(Web page caption snippets)
--- --- ---
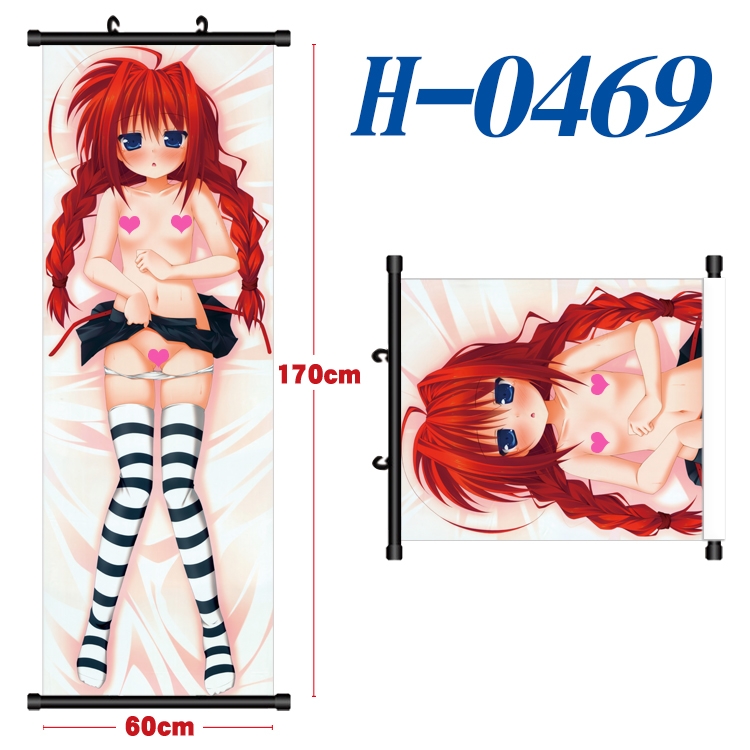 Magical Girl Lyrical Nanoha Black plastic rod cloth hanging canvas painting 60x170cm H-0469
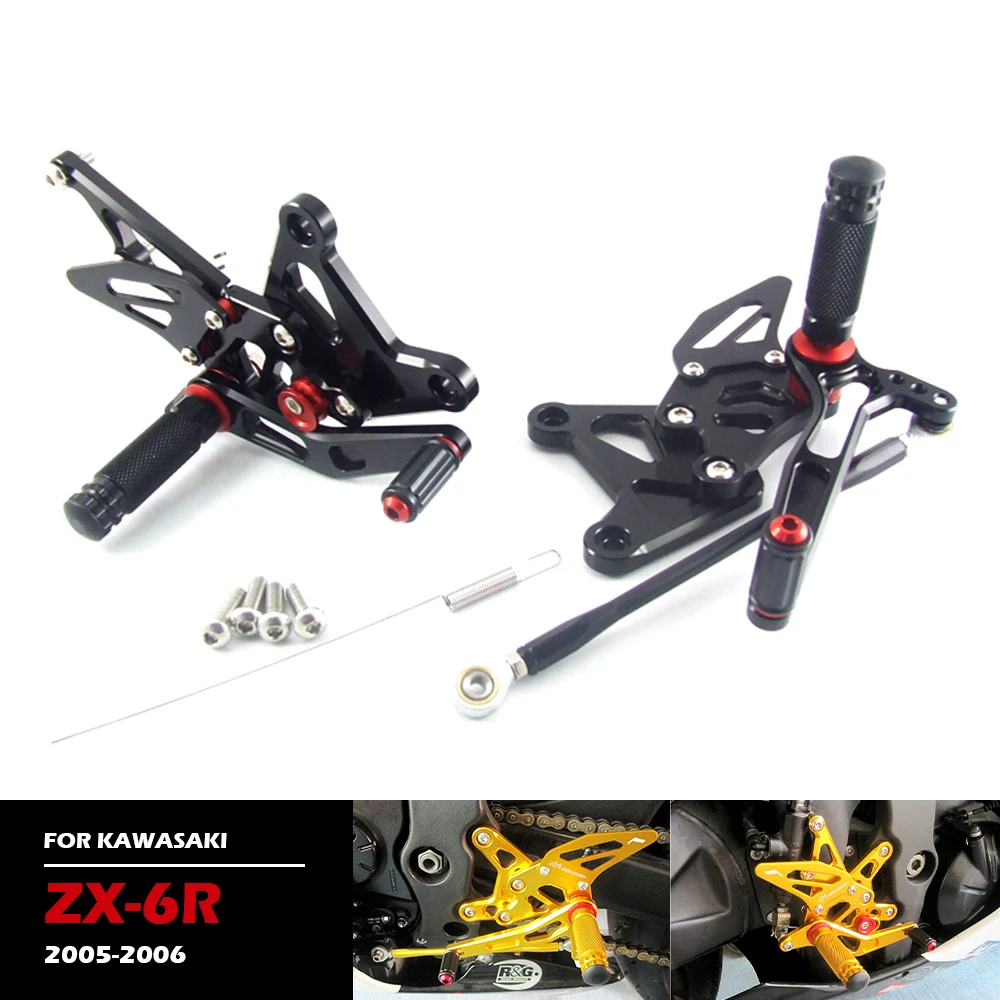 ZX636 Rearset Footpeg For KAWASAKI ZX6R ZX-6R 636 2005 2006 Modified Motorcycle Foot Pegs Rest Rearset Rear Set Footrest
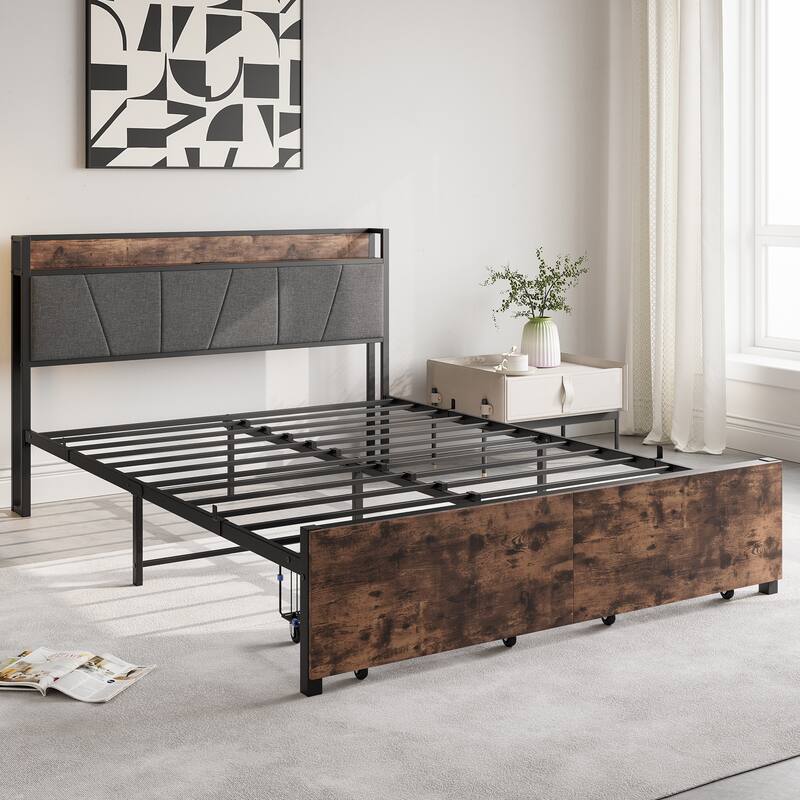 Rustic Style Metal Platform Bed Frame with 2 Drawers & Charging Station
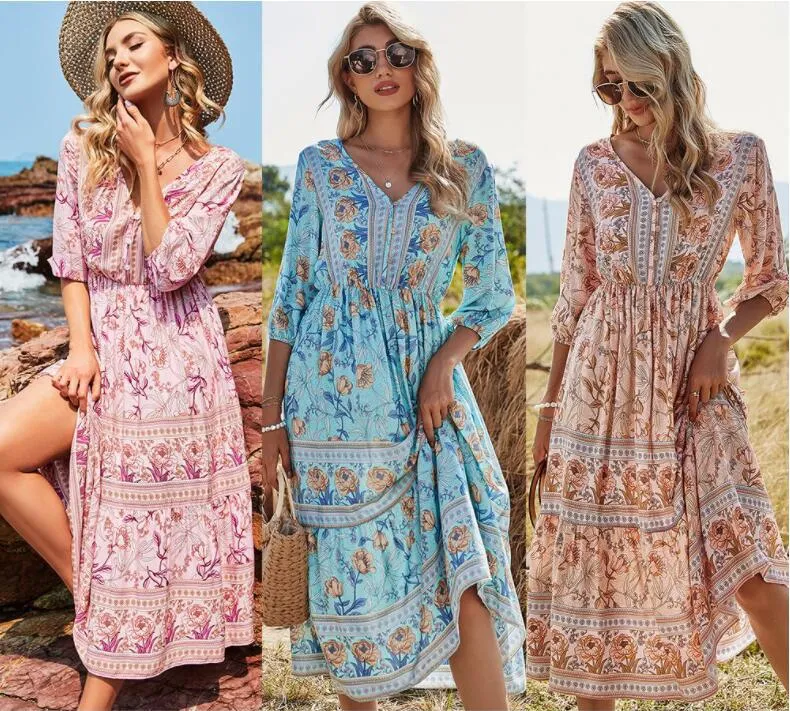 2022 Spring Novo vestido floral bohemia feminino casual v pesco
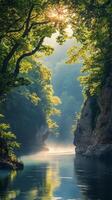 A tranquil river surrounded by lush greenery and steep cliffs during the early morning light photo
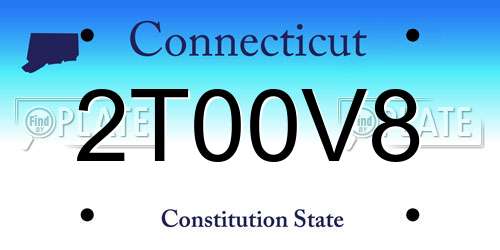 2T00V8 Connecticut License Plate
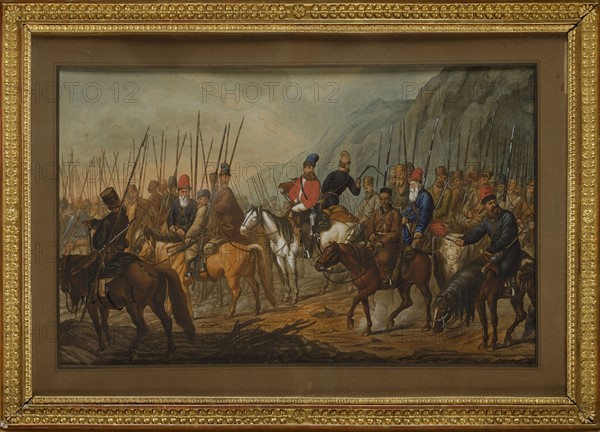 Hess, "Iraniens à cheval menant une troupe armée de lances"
--- --- ---
» TASK STATEMENT
Copy exactly, with no pictures, the lines from the line containing "A tranquil river" through the last line of the records above.

» ANSWER
 A tranquil river surrounded by lush greenery and steep cliffs during the early morning light photo
 2T00V8 Connecticut License Plate
 Hess, "Iraniens à cheval menant une troupe armée de lances"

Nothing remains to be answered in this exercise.